À medida que a Unter der Linden se aproxima do seu final, a porta de Brandenburgo vai crescendo no horizonte. O local em si é magnífico, na esteira de toda a imponência que a Prússia queria imprimir à sua existência imperial. Mas o local ganhou outro significado no século XX, por ter sido aqui que a derrocada do detestável muro de Berlim teve o seu ponto de ebulição. Foi aqui, na porta de Brandenburgo, que as pessoas do leste e do ocidente começaram a conviver depois de ultrapassada a barreira de um muro decadente.

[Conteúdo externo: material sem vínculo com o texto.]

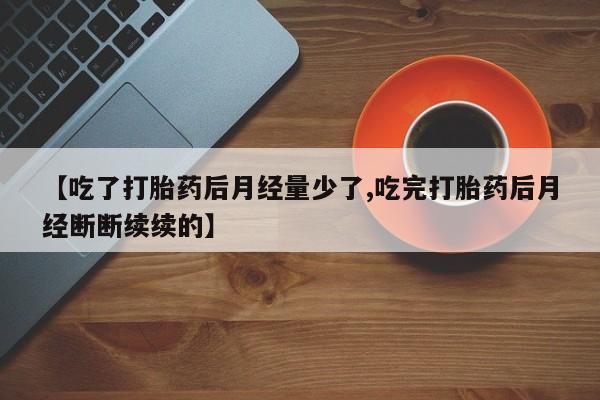 私人卖流产药联系方式【吃了打胎药后月经量少了,吃完打胎药后月经断断续续的】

De um muro que era o sinal vivo da decadência de uma ideologia que tantas liberdades individuais cerceou, que tantas vidas ceifou quando essas pessoas procuravam escapar para o outro lado em busca da liberdade negada pela Alemanha de leste.
A porta de Brandenburgo tem este incomensurável valor simbólico. Sabe bem parar diante dela, imaginar as sensações inebriantes vividas pelas pessoas que testemunharam no local os acontecimentos tonificantes que haveriam de levar à desagregação do muro, sentir como esses momentos foram tão importantes para virar uma página negra (mais uma) da história da humanidade. O ar que se respira na porta de Brandenburgo é revigorante, um tributo à libertação de amarras que por tantos anos manietaram a liberdade individual em nome de asquerosos princípios totalitários.
Em Berlim respira-se o aroma da liberdade.